Patrick Modiano, Livret de famille

Référence : Patrick Modiano, "Livret de famille", éditions Gallimard, réédition Hachette, 179 pages, 1977

                         
Modiano à Stockholm en 2014

« Vivre, c’est s’obstiner à achever un souvenir. » René Char

Pour Patrick Modiano, les souvenirs vont remonter à l’occasion de la naissance de sa fille Zénaïde. Elle aura un livret de famille transparent, une filiation sans problème, sans zones d’ombre. Ce n’est pas comme ses parents qui se sont mariés pendant la guerre, il ne sait d’ailleurs pas trop où, sous des noms d’emprunt.
Sa mère, belge d’Anvers, commence une carrière d’actrice qui sera vite interrompue le jour où, convoquée à Bruxelles pour tourner un nouveau film pour les Openfeld, les troupes allemandes envahissent la Belgique e 1940. Une carrière qui tourne court pour l’instant pour fait de guerre.

 Il se souvient de ces gens qui ont traversé sa vie à un moment ou à un autre, cet Henri Marignan qui voulait absolument l’emmener en Chine, ces gens avec qui l’avait laissé son père, reparti à Paris pour faire des affaires sans doute pas très nettes. Des gens réunissant arrivistes et aristos qui vivent sur un grand pied, château, chasse à courre. D’abord Henri Reynolde, relation d’affaires de son père, et sa femme Maguy, Jean-Gérard (de quelque chose), les Landry, le comte Angèle de Chevert et "oncle Michel" comme l’appelle Jean-Gérard, un duc paraît-il, le propriétaire de château.

                    

Patrick Modiano revient sur ses débuts comme scénariste dans Capitaine mer du sud, un film qui n’a pas laissé un grand souvenir.
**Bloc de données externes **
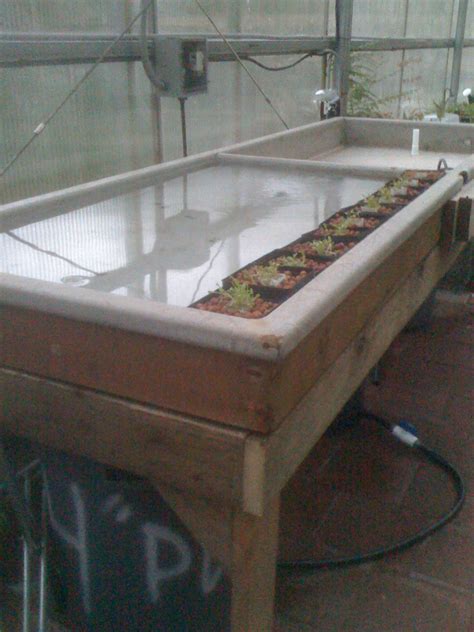 He had details on making an ebb and flow hydroponic sytem so i decided to try it … Hydroponics Blog: Healthier Food: The Hydroponic Ebb and Flow System -1/2 is working!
Tournage rapide mais tous frais payés à Port-Cros avec un metteur en scène pas vraiment convaincu et des acteurs principaux plutôt en fin de carrière. Rien de bien glorieux mais belle opportunité pour un jeune écrivain inconnu.

« Oui, il y a de bien étranges coïncidences » écrit-il page 110, quand les souvenirs le poursuivent. À Biarritz, il renoue avec son passé, retrouve l’avenue de la république et en repart muni d’un précieux document : son certificat de baptême ! 

À Lausanne en Suisse, où il est enseignant et sort souvent avec ses amis Muzzli et "papou" Badrawi, rencontre par hasard Henri Séroka, un ami perdu de vue depuis longtemps mais surtout il est sûr que ce Robert Gerbauld, un animateur de la radio Genève-Variétés, n’est autre que le collabo D. qui sévir rue Greffulhe et a faillit arrêter son père en mars 1942.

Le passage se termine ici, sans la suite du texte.